Mayor, in Queens, touts Build it Back progress

Broad Channel resident John Galimi speaks at a press conference with his wife, Jayme, left, Mayor de Blasio advisors Bill Goldstein and Dan Zarrilli, de Blasio, Assemblyman Phil Goldfeder and Amy Peterson, director of the mayor’s office of housing recovery, in Broad Channel on Monday. 

John and Jayme Galimi just want to go home.

The couple and their five kids have not lived in their Broad Channel house since Hurricane Sandy devastated it on Oct. 29, 2012. Nearly two years later, there may be a light at the end of the long tunnel the storm left them in.

The couple stood outside their home at 12-06 Cross Bay Blvd. on Monday morning looking up at the two-story house, now raised nearly 12 feet above the sidewalk. Beside them was Mayor de Blasio, who came to the neighborhood in the heart of Jamaica Bay hard hit by Sandy to announce significant and long-awaited progress in the city’s Sandy recovery program.

That day the flood waters nearly proved fatal for the Galimi, who were trapped in rising floodwaters in their home.

They have lived with friends in Ozone Park and a rented place in Howard Beach. At the same time, Build it Back.
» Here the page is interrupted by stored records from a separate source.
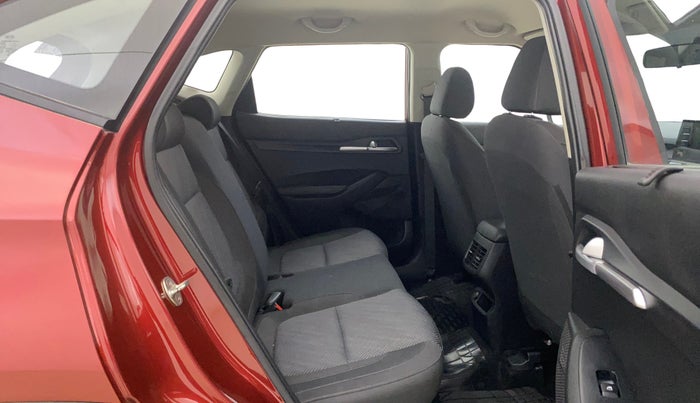 2021 KIA SELTOS HTK PLUS 1.5 DIESEL, Diesel, Manual, 46,964 km, Right Side Rear Door Cabin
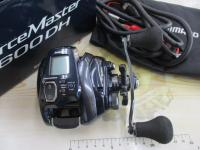 20フォースマスター 600DH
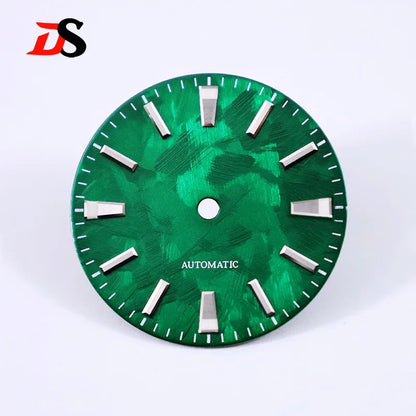 Shunbun and Sea of Clouds 28.5MM Blue lume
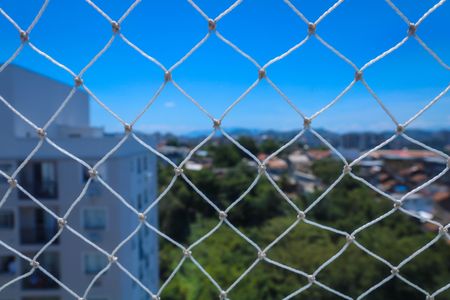 Apartamento à venda com 48m², 2 quartos e 1 vagaVista do Quarto 2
But now they are slated to be back in their home by Christmas.

“The nightmare for them in almost over,” de Blasio said alongside the family Monday.

The mayor was on hand to announce more progress in the much aligned Build it Back program, established in June 2013 by the Bloomberg administration but riddled with problems in its first six months.

Approximately 6,400 homeowners across the city — half of those still actively seeking help from Build it Back — have been made offers for reimbursement checks or reconstruction. At the beginning of the year, that number was only 451.

That’s when the de Blasio administration overhauled the program, eliminating income eligibility requirements, embedding staffers directly in the communities affected by the storm and putting Amy Peterson in charge of the program, which the mayor said was “his favorite change” to Build it Back.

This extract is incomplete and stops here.